To think very carefully about what will make them feel free. If a person wants to have the freedom that working for a big maison will give them, in terms of not having to worry so much about all the other business areas, then one of the big fashion capitals will give them that as that’s where those jobs are. But everything is so expensive in those cities, to set up your own business there is much harder. It might actually be more freeing to work from a smaller city, or from the countryside. And anyway, everywhere is so connected now, it’s easy enough to travel. You don’t have to be bound to just one thing, or one place. I was born here in Hyères, and I never thought I would return to this small town after school and build this career, but being an adult here is totally different to what it was like as a kid. It’s full of new discoveries, even now. Be open-minded. And remember you can travel.
On your AZ Academy profile there is a line that I love, about your support for ‘unconventional forms of art and living’. Can you tell me a bit more about what that means to you?
Thanks to the strength of our heritage at Villa Noailles we often find ourselves not following the rules, but inventing new ones. For example, every year, we have to fill out a very long form to explain to the French Ministry for Culture what we did with our funding. They’ll ask, ‘How many visitors to your exhibitions?’ And I’ll phone them up and say, ‘Well, we also make exhibitions for social media, but there’s no check-box for this.’ They’ll say, ‘We didn’t think of that.’ Or, ‘What is the breakdown of your male and female artists?’ We have artists who were male last year and are female this year, or who are gender non-conforming, and they don’t want to categorise themselves and I won’t do it for them. It’s just like how I’m encouraging these practitioners to be as free and creative with the way they see and do other things as they are with their craft, to help them understand that they don’t have to be the same as everyone else or follow a blueprint in order to succeed. If I loved following rules I’d be a scientist!
Finally, I want to bring it back to that Charles and Marie-Laure de Noailles mentality, and the point you made earlier about great projects that begin over a glass of rosé. Are you a big advocate for having a social life outside of your practice?

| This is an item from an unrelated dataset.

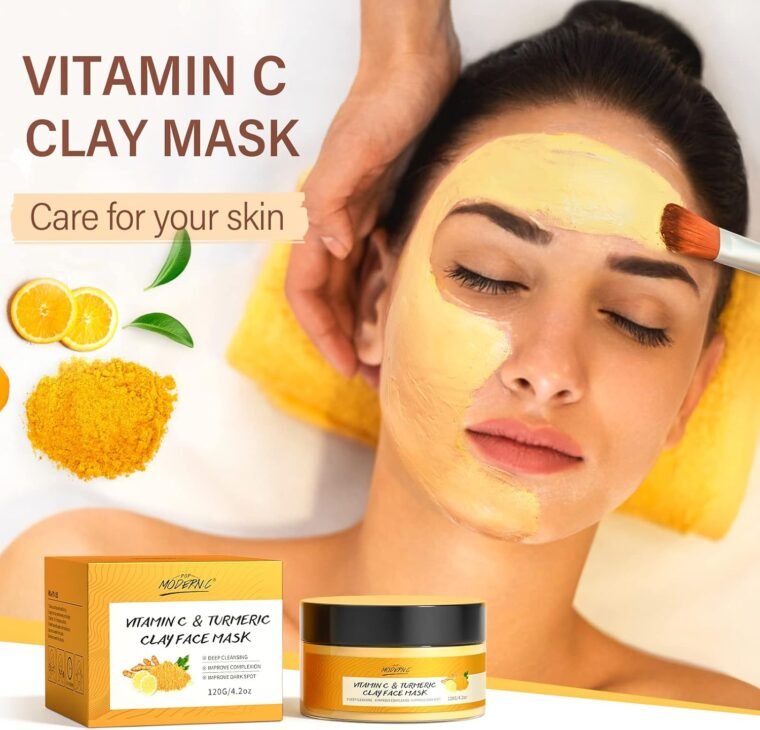 Turmeric Vitamin C Clay Mask Deep Cleansing Face Mask Skin Care Improve Blackheads Acne Dark Spots and Even out skin tone Facial Mask Control Oil and Refining Pores - Image 6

It’s all a bit blurred in our industry isn’t it? I know so many artists who are now my friends, who I met because they were finalists at the Hyères Festival, or they were journalists or partners of the event, or whatever else. We are connected by the same love of art and creativity, but we try to make it soft. Navigating between private and professional life doesn’t mean you have to work 24 hours a day, but actually that your work might be softer, or cooler, or kinder, than it might have been for previous generations. It can be a very rich life.